Nikolas Ferreira mostra que a esquerda não aprendeu com Bolsonaro
Jair Bolsonaro sempre foi uma figura do baixo clero do Congresso. Para aparecer, vivia pelos corredores da Casa arrumando brigas com parlamentares de esquerda.
Na tribuna, seguia o mesmo método. Seus discursos com falas polêmicas e, em alguns casos, distantes do decoro parlamentar terminavam em gritos e confusão.

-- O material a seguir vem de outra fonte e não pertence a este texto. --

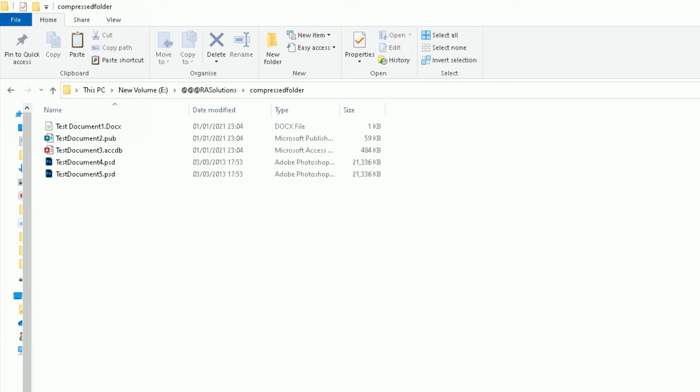Or zip them up onto a CD-ROM or a DVD-ROM and keep that safe. You can do that, and that's another way to keep your files safe, especially if you don't use those files on a regular basis, or if you just use them on a one-off basis.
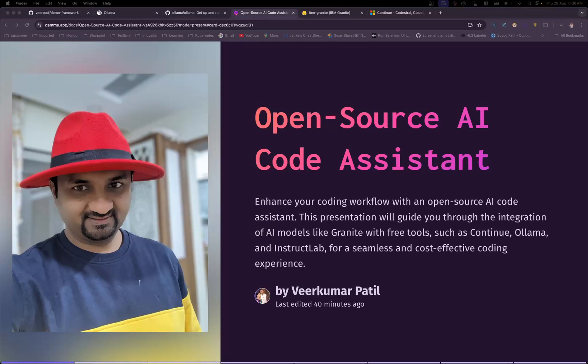Hello everyone, my name is Virkumar Patel and today we are going to see open source AI coding assistance with the Granite family of models. For this purpose, we are going to use AI models from the Granite family, we are going to use Ollama, and Continue as a VS Code extension that will help us use our local AI code assistant.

Não foram poucas as tardes de sessão da Câmara em que Bolsonaro, após provocar um integrante da esquerda, conseguia holofotes para suas posições.
Na disputa com o PT pelo comando da Comissão dos Direitos Humanos da Câmara, durante o primeiro governo de Dilma Rousseff, Bolsonaro ganhou dias a fio de exposição no noticiário nacional. No Congresso, manifestantes protestavam contra Bolsonaro dia e noite. O deputado divertia-se com os ataques e, naqueles dias, já recebia mais de 3.000 e-mails diários de admiradores pelos canais oficiais do gabinete.

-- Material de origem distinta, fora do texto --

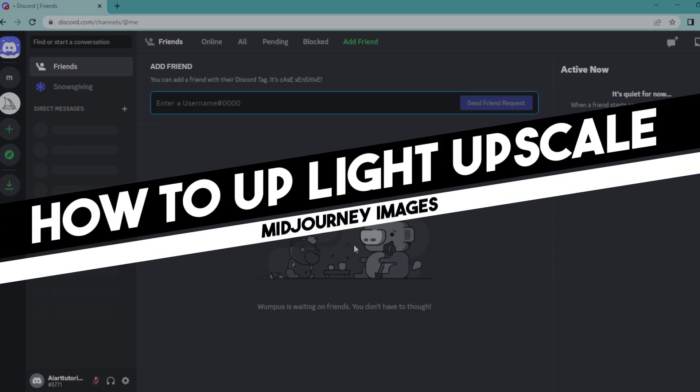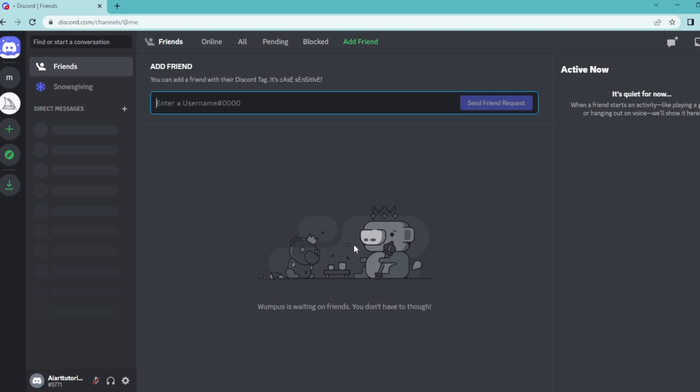Hi everyone. In today's easy tutorial, I'm going to show you how to light upscale your images in Midjourney. Welcome to the channel. Let's dive into it.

Certa vez, numa entrevista a Jô Soares, ele admitiu seu método de provocar para aparecer. Ele foi chamado a dar entrevista na Globo porque havia defendido, numa outra ocasião, fuzilar o ex-presidente Fernando Henrique Cardoso. Questionado sobre a fala, Bolsonaro foi direto: “Se eu não peço o fuzilamento do Fernando Henrique Cardoso, você jamais estaria me entrevistando agora”.
É esse mesmo método que, há dias, mantém o deputado Nikolas Ferreira entre os personagens mais comentados e pesquisados na internet brasileira. No dia da Mulher, ele subiu à tribuna da Câmara com uma peruca loira e fez um constrangedor discurso contra mulheres transexuais.
O carnaval em torno da fala vem transformando o parlamentar de 26 anos em celebridade entre os muitos que pensam como ele ou simplesmente se colocam em posição distante da esquerda. Uma parte importante da sociedade quase reelegeu Bolsonaro e seu projeto político por concordar com suas visões de mundo.
O que Ferreira defende é crime? Há instâncias a acionar. Reflete preconceitos impregnados na sociedade? Há projetos de lei e ações educativas a serem propostas. Cair em toda provocação da direita, no entanto, é uma escolha que só ajuda a divulgar figuras como Ferreira. A esquerda, que já serviu de escada para Bolsonaro no passado, segue, ao cair nessas armadilhas retóricas, repetindo a história com o jovem deputado da peruca. Sem projeto sólido de país, a base do governo se deixa pautar pelo bolsonarismo.